Regia di Peter Marcias vedi scheda film
Onore a Peter Marcias che nella sua Sardegna realizza un film difficile sul tema dell'integrazione del popolo rom, condividendone il punto di vista. Lo spunto narrativo è il (presunto) rapimento di una ragazza che con la sua anima gemella è andata chissà dove perché i genitori di lui non avevano abbastanza denaro per riscattare la futura nuora. In altri tempi e in altri luoghi l'avrebbero chiamata fuitina. Il magistrato che affida il caso a un bonario commissario di polizia (Catalupo) lo chiama invece rapimento e così per il graduato ha inizio un contatto ravvicinato con le persone che vivono nel campo nomadi e in particolare con la sorella del presunto rapitore (Bitri), una donna che si è integrata nel mondo cosiddetto civile e che spende buona parte della propria esistenza in Francia.

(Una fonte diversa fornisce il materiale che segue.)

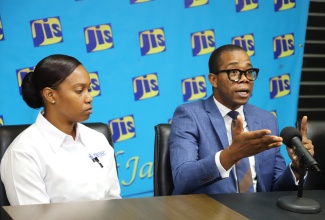 Chief Executive Officer at the Toll Authority of Jamaica, Jerome Palmer (right), addresses a JIS Think Tank on August 19, on recent upgrades implemented by Jamaica North South Highway Company Ltd.  At left is Commercial and Marketing Manager at Jamaica North South Highway Company Ltd, Trudy-Ann Williams.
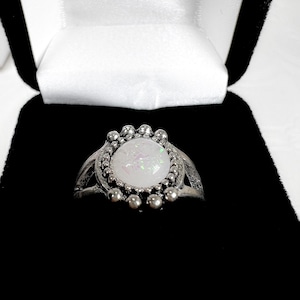 Puede incluir: Un anillo plateado con una piedra blanca iridiscente grande, engastada en un bisel con cuentas. El anillo se muestra en una caja de joyería negra con un interior de satén blanco, mostrando el diseño y el color del anillo.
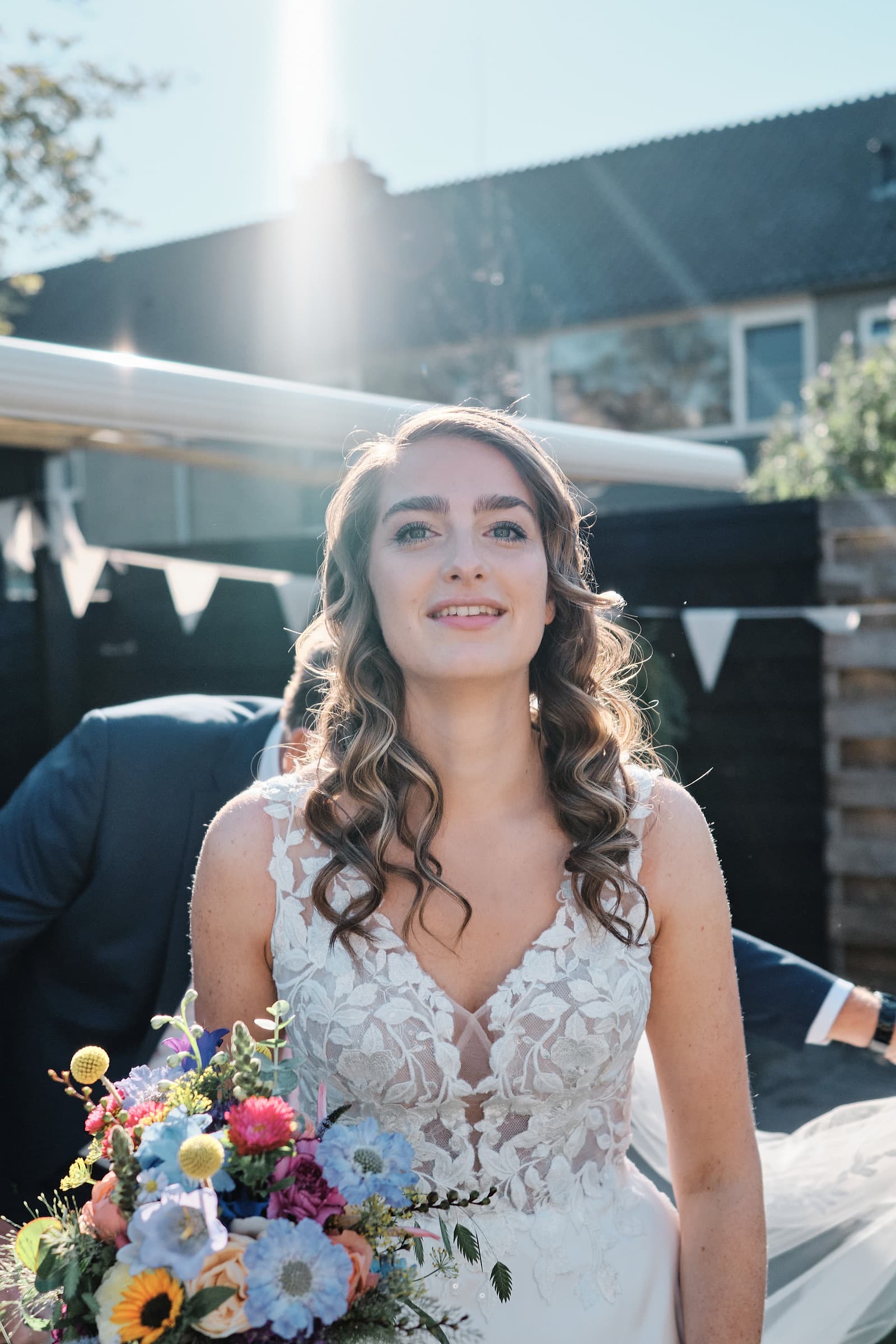 A bride under a willow tree holding a colourful bouquet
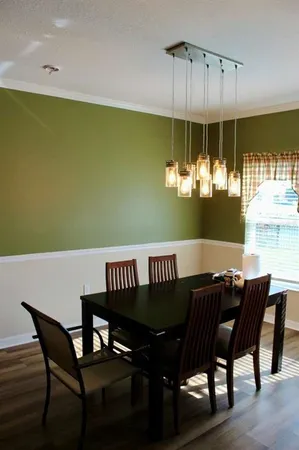 a view of a dining room with furniture and window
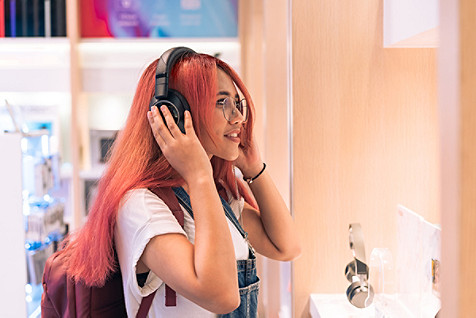 Asian social influencer woman trying on headphones inside retail store - Happy millennial diverse girl shopping and testing lifestyle music tech products - Technology, electronic and purchase concept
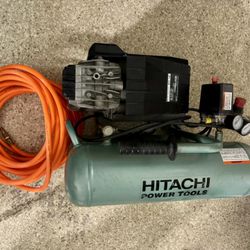 Hitachi EC12 Portable 4-Gallon Twin Stack Air Compressor. 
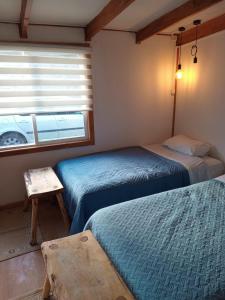 Postel nebo postele na pokoji v ubytování Hostal Costa patagonica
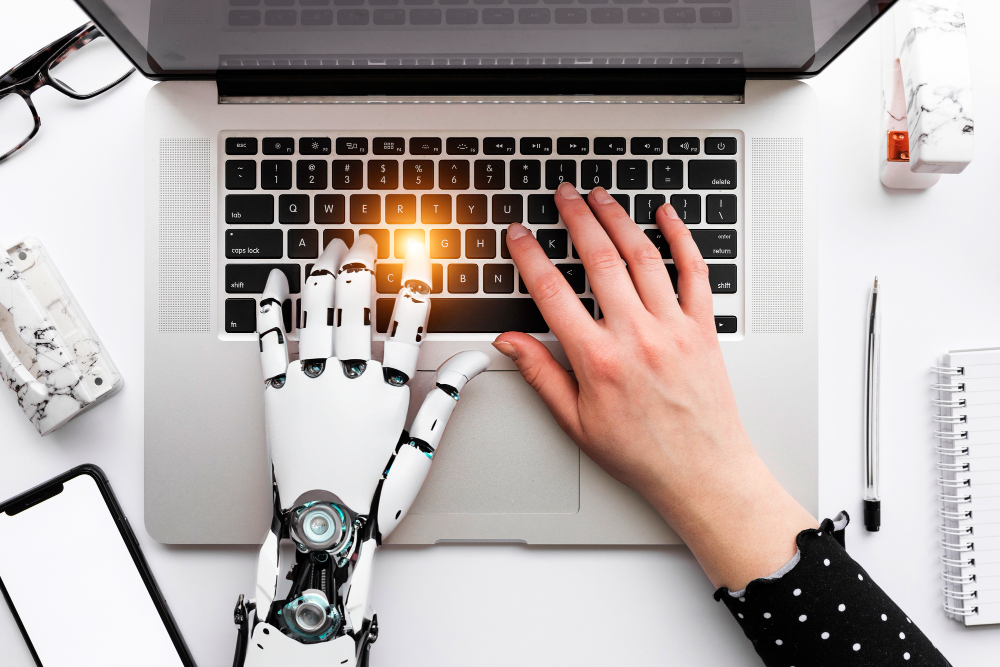 AIロボットの手と人間の手がキーボードでタイピングしている様子、AIと人間の技術の協力を象徴する画像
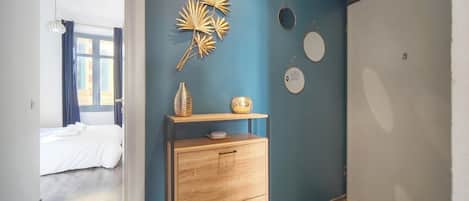 A bedroom with a bed, a wooden dresser, a wall with decorative items, and a window with curtains.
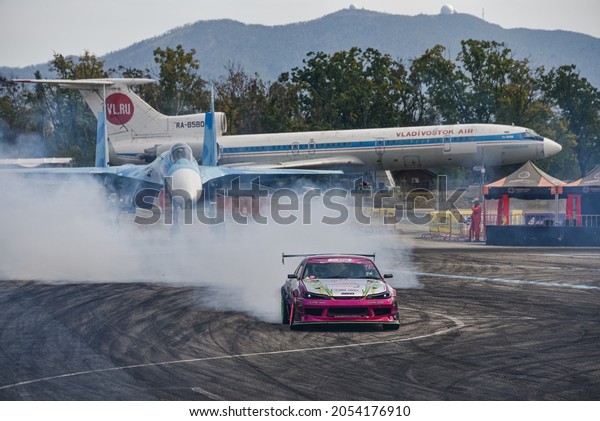 VLADIVOSTOK, RUSSIA - OCTOBER 02: Car\
drift, Sports car wheel drifts and a lot of smoke on the track.\
Russian drift show RDS without borders on October 02,\
2021.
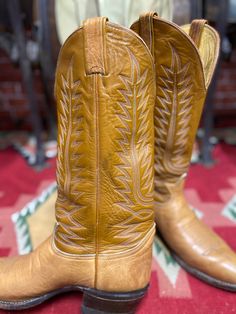 "Vintage Tony Lama western stitching cowboy boots size 9EE, style #6530, two tone brown color, stitch pattern resembling the wings of the phoenix. Good used condition, some wear, minor scuffing on the pointed toes, made in Usa. Please, check carefully the measurements, photos and description of the article before buying it, we do not accept changes or returns. Outsole Approximate Dimensions: 11 1/2\" long heel to toe. 10 3/4\" Inside from the heel to the toe. 4\" Widest wide in front of footwear Brown Concho Boots For Rodeo, Fitted Vintage Brown Western Boots, Brown Concho Boots For Western-themed Events, Southwestern Brown Snip Toe Boots, Hand Tooled Brown Boots For Western-themed Events, Brown Southwestern Snip Toe Boots, Brown Fitted Western Boots, Fitted Brown Western Boots, Brown Hand Tooled Boots For Western-themed Events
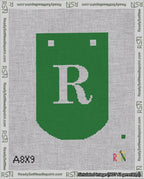 A taped needlepoint canvas with the design: Banner 18 mesh count Curved R White on Green.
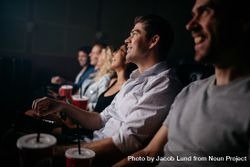 Young man watching movie with his friends in movie theater 5lPXv5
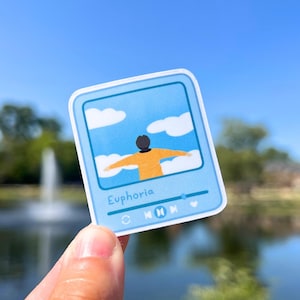 May include: A blue sticker with a cartoon illustration of a person with arms outstretched against a blue sky with white clouds. The sticker has the text "Euphoria" and music player controls.
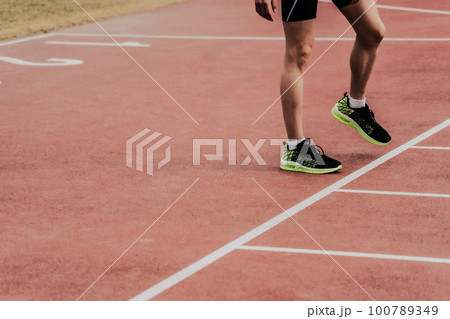 陸上競技場のトラックでスタートラインに立つランナー 100789349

Marcias convoglia tutto il suo sforzo sul piano della rapprsentazione dei valori - quelli di giustizia e fratellanza tra i popoli e di avversione al pregiudizio - ma dimentica il film. La narrazione si incaglia in una serie di vuoti che ossimoricamente sembrano dover riempire le transizioni della sceneggiatura dalla fiction a un documentarismo che è di gran lunga la parte migliore di un film. Didascalica e prevedibile, l'opera terza di Marcias trasforma il protagonista - vedovo e con un figlio che fa la drag queen in un locale notturno, altra scelta inspiegabile - in una sorta di don Milani del pallone, disposto a dare un destino migliore agli adolescenti del campo nomadi.